Hear, Don’t Listen: The Terrible Twos

Every day, I wake up planning on being a better mother to my two-year-old tyrant; who isn’t really a tyrant, but when she is bad, she is horrid.

She didn’t start out terrible – they never do. When she was a baby it was all coos and giggles, but when she started talking and learning to exert her “independence” and I started trying to control her behaviour, the shit hit the fan.

Since it is up to me to show her who is in charge (big hint: it isn’t me) I had this amazingly stupid brilliant idea that she would respect my authority and instantly straighten up once she heard THAT tone in my voice and snap to it when I asked her to do something.

When I emerged from that rabbit hole to find that she hadn’t, in fact, drank my particular brand of Kool-Aid, I was shocked.

“What do you mean, ‘She’s TWO!’ She is old enough to know to not hit or bite, and old enough to know when I MEAN it!”

Oh, what a fool I am.

What the experts mean, exactly (I may be paraphrasing), is that two years old = little giant asshole until they learn how to properly express this massive wellspring of emotion that crops up out of nowhere, usually because you clothed them in the pants they specifically asked you to put on them.

This is where I, as the parent, am supposed to model the proper response behavior for her (i.e. patience and understanding) so she learns that throwing her sippy cup across the room is really not a logical response to me asking her to wait a second for her umpteenth juice refill.

This is where I failed.

Instead, in all my wisdom in trying to control her behavior with sternness and raising my voice I taught her that aggression is an acceptable response to anything she doesn’t like.

So last night, when she was throwing herself around her bedroom and raging like a feral cat, I stood in the hallway, outside her closed door, and broke.

I broke because I don’t know how to not react; I feel like I am still learning how to control my own emotions since becoming a mother.

It broke me that I had to walk away.

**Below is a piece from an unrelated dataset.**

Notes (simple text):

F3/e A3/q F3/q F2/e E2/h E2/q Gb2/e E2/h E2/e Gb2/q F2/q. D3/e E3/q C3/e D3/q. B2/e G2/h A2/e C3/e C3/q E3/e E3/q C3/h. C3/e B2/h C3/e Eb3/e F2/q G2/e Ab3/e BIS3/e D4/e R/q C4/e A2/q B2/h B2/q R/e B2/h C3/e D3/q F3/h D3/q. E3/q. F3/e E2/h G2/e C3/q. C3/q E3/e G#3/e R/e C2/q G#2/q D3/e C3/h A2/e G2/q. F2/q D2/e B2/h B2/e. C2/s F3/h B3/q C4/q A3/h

It broke me that I was unable to calm my own child.

And do you know what happened? She stopped screaming. I opened the door to find a little girl who had dealt with her emotions her way. She handed me the glasses she had ripped from my face just ten minutes earlier, along with her favourite book and asked me to read to her.

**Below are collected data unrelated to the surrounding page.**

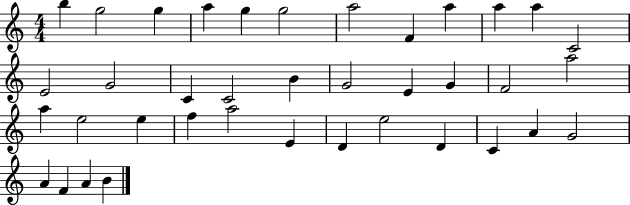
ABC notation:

X:1
T:Untitled
M:4/4
L:1/4
K:C
b g2 g a g g2 a2 F a a a C2 E2 G2 C C2 B G2 E G F2 a2 a e2 e f a2 E D e2 D C A G2 A F A B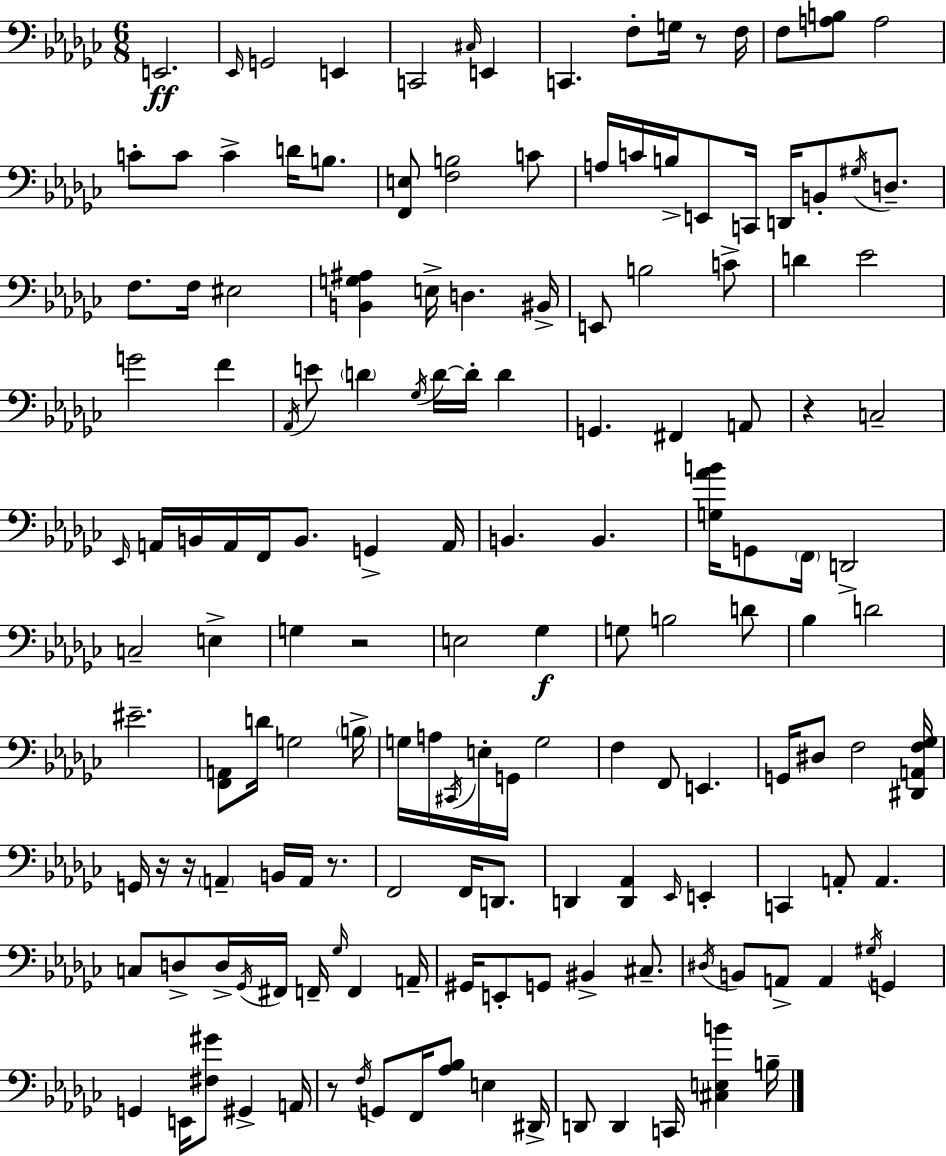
X:1
T:Untitled
M:6/8
L:1/4
K:Ebm
E,,2 _E,,/4 G,,2 E,, C,,2 ^C,/4 E,, C,, F,/2 G,/4 z/2 F,/4 F,/2 [A,B,]/2 A,2 C/2 C/2 C D/4 B,/2 [F,,E,]/2 [F,B,]2 C/2 A,/4 C/4 B,/4 E,,/2 C,,/4 D,,/4 B,,/2 ^G,/4 D,/2 F,/2 F,/4 ^E,2 [B,,G,^A,] E,/4 D, ^B,,/4 E,,/2 B,2 C/2 D _E2 G2 F _A,,/4 E/2 D _G,/4 D/4 D/4 D G,, ^F,, A,,/2 z C,2 _E,,/4 A,,/4 B,,/4 A,,/4 F,,/4 B,,/2 G,, A,,/4 B,, B,, [G,_AB]/4 G,,/2 F,,/4 D,,2 C,2 E, G, z2 E,2 _G, G,/2 B,2 D/2 _B, D2 ^E2 [F,,A,,]/2 D/4 G,2 B,/4 G,/4 A,/4 ^C,,/4 E,/4 G,,/4 G,2 F, F,,/2 E,, G,,/4 ^D,/2 F,2 [^D,,A,,F,_G,]/4 G,,/4 z/4 z/4 A,, B,,/4 A,,/4 z/2 F,,2 F,,/4 D,,/2 D,, [D,,_A,,] _E,,/4 E,, C,, A,,/2 A,, C,/2 D,/2 D,/4 _G,,/4 ^F,,/4 F,,/4 _G,/4 F,, A,,/4 ^G,,/4 E,,/2 G,,/2 ^B,, ^C,/2 ^D,/4 B,,/2 A,,/2 A,, ^G,/4 G,, G,, E,,/4 [^F,^G]/2 ^G,, A,,/4 z/2 F,/4 G,,/2 F,,/4 [_A,_B,]/2 E, ^D,,/4 D,,/2 D,, C,,/4 [^C,E,B] B,/4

We sat together on the floor and read her book while she held my hand. When the last page was turned and the story over, she climbed into bed and told me she loved me.

While I have been trying to control her, she has been trying to teach me the wisdom in sometimes walking away to give (and take) some breathing room. I have been ordering and snapping, and she has been pushing to get some space to cool off.

As parents, we all feel like we have to be there every minute of every day; otherwise we are absentee parents.

I call bullshit.

This morning I dropped her off at daycare and went to a place that has always restored my soul.  Originally, I intended to bring her along with me; however, in her wisdom, she has taught me a valuable lesson about space: that I need mine too.

Because of last night, and because I took some time for myself today, I am better equipped to walk away and allow the space we both will need when she throws her inevitable tantrum later tonight.

I didn’t like my kid last night, but I didn’t like myself either. It’s not her fault, nor is it mine.

We are in this together, and we’ll figure it out together.